Traditionally, the job of a creator of narrative artwork -- whether his format is a novel, a film, a stage play, a comic, or a panorama projected by magic lantern and accompanied by the obligatory stentorian voice -- is to tell a single story, with a beginning and an end, and only one path from one to the other. There have been exceptions to this, of course, such as Julio Cortazar's Hopscotch (on the literary end) and the "Choose Your Own Adventure" books (on the other), but usually the reader looks to the author to decide what the story is and where it goes. (Insert standard early '90s rant about the Bright Shiny Future of hypertext, or the slightly dingier modern version retrofit as a pro-gaming argument.)
Meanwhile is another one of the great exceptions to that rule, a multi-threaded story about time travel, doomsday devices, memory transference, and identity, all set in motion by the choice of one boy to have a vanilla or chocolate ice cream cone. Jason Shiga, a cartoonist, game designer, and mathematician, has constructed an intricate story machine here, a book that must be read several times just to reach all of the pages. Many times during the story, Jimmy -- that boy with the ice cream cone -- has a choice, and those choices lead off to separate pipes connecting to different story outcomes. And all of this is executed in comics panels, an array of alternate versions of the same story that twist in and out and around each other -- occasionally overlapping, and often looping back to the same few big choices.

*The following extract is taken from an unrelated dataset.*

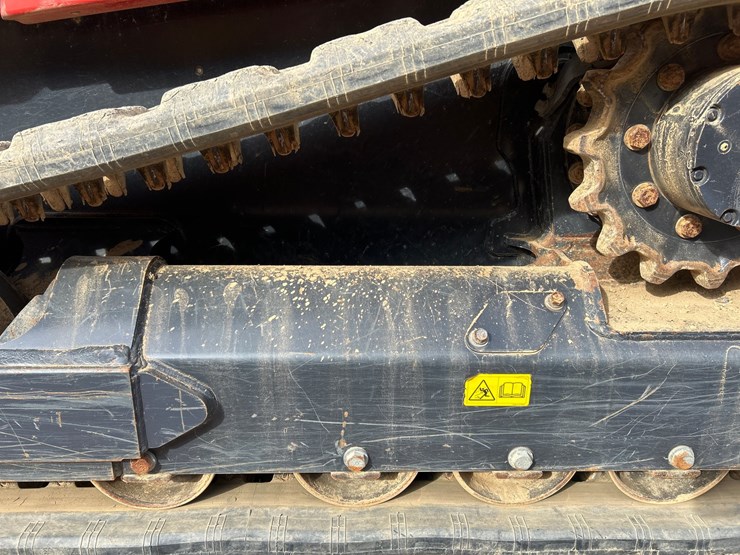 2023-kubota-svl65-2-image-62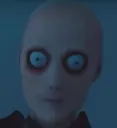 eyes eyes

Meanwhile is a book that demands to be read more than once, and not just for the trivial reason of finding every ending -- the alternate stories all describe the same world, and the events in them all (through multiple trips in time, megadeaths, and lectures about alternate universes) have relevance to all of the different stories. As Shiga says in his opening note, "Meanwhile splits off into thousands of different adventures. Most will end in DOOM and DISASTER. Only one path will lead you to happiness and success." Savvy readers, working through the manifold possibilities of Meanwhile, will realize exactly what kind of happiness that is, as they find the various flavors of DOOM and DISASTER (some of which might not seem purely disastrous, on first glance).
This is a brilliant use of comics to illustrate both real scientific principles -- Shiga elegantly explains Shroedinger's Cat, without ever naming the man or his feline -- and human nature, through the eyes of a Kid Everyman that any reader can project himself onto. Meanwhile was published for younger readers, but it's a deep and thoughtful examination of disaster, contingency, and possibilities for readers of any age. Experienced SF readers will particularly take a lot away from Meanwhile; Shiga elegantly sketches or implies things that we've seen worked out at tedious length a thousand times before, and makes them fresh and energetic.

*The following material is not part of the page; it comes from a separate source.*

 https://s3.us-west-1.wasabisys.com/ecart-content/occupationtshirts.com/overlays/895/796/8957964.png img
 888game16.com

It also has a few Easter eggs for those who make the effort to read the entire book -- two sections (one frivolous, one more serious) that can't be reached via the usual paths, at least two infinite loops, and another sequence that appears identical to one of those loops, until it suddenly diverges. Meanwhile is both carefully constructed and deeply entertaining, as well as just plain dragging readers in -- I had to read it quickly (and write up my thoughts about it now) because both of my sons were trying to read it over my shoulder and had to be shoved away bodily.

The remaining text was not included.